* [Your assignment]: Starting at the line holding "贵澳农业园区 周燕玲 摄 贵澳农业园区 周燕玲 摄" and finishing at the line holding "Warga Agam Panjat", transcribe the material exactly, keeping both ends but no pictures.

* [Source records]:
****

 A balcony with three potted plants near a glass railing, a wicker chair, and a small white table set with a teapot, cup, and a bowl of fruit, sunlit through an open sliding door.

****

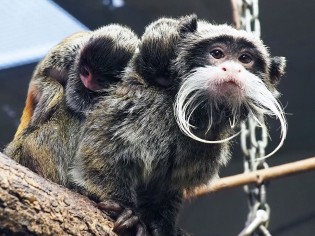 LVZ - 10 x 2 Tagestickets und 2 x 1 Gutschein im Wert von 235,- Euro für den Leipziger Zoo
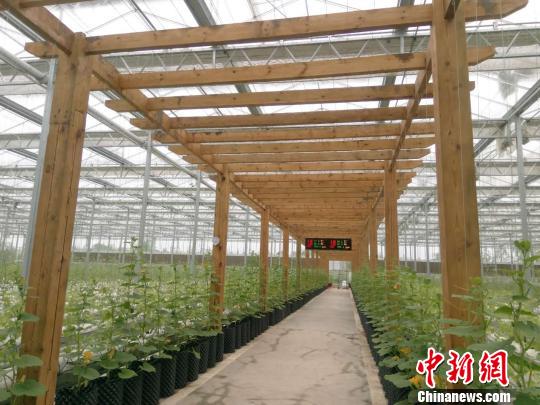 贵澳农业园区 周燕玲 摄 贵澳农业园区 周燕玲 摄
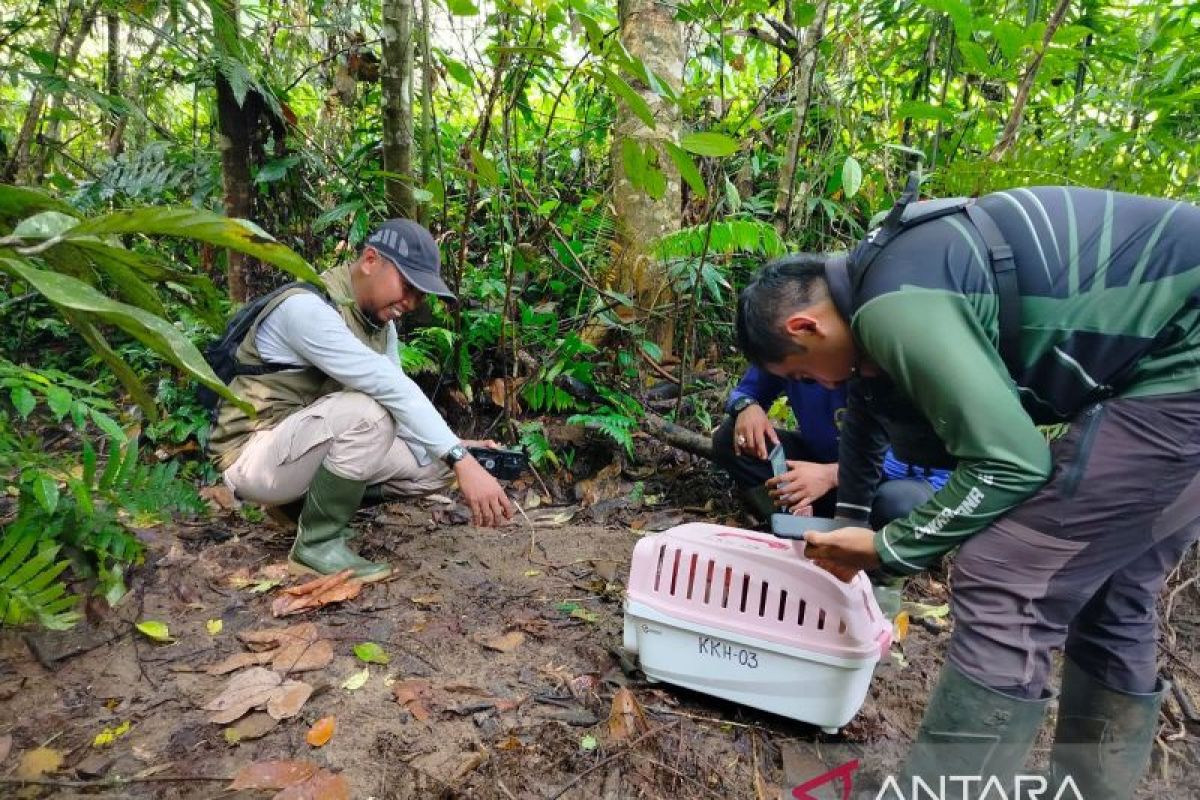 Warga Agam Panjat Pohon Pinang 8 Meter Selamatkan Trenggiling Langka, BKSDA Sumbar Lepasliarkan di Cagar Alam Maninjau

****

* [Expected output]:
 贵澳农业园区 周燕玲 摄 贵澳农业园区 周燕玲 摄
 Warga Agam Panjat Pohon Pinang 8 Meter Selamatkan Trenggiling Langka, BKSDA Sumbar Lepasliarkan di Cagar Alam Maninjau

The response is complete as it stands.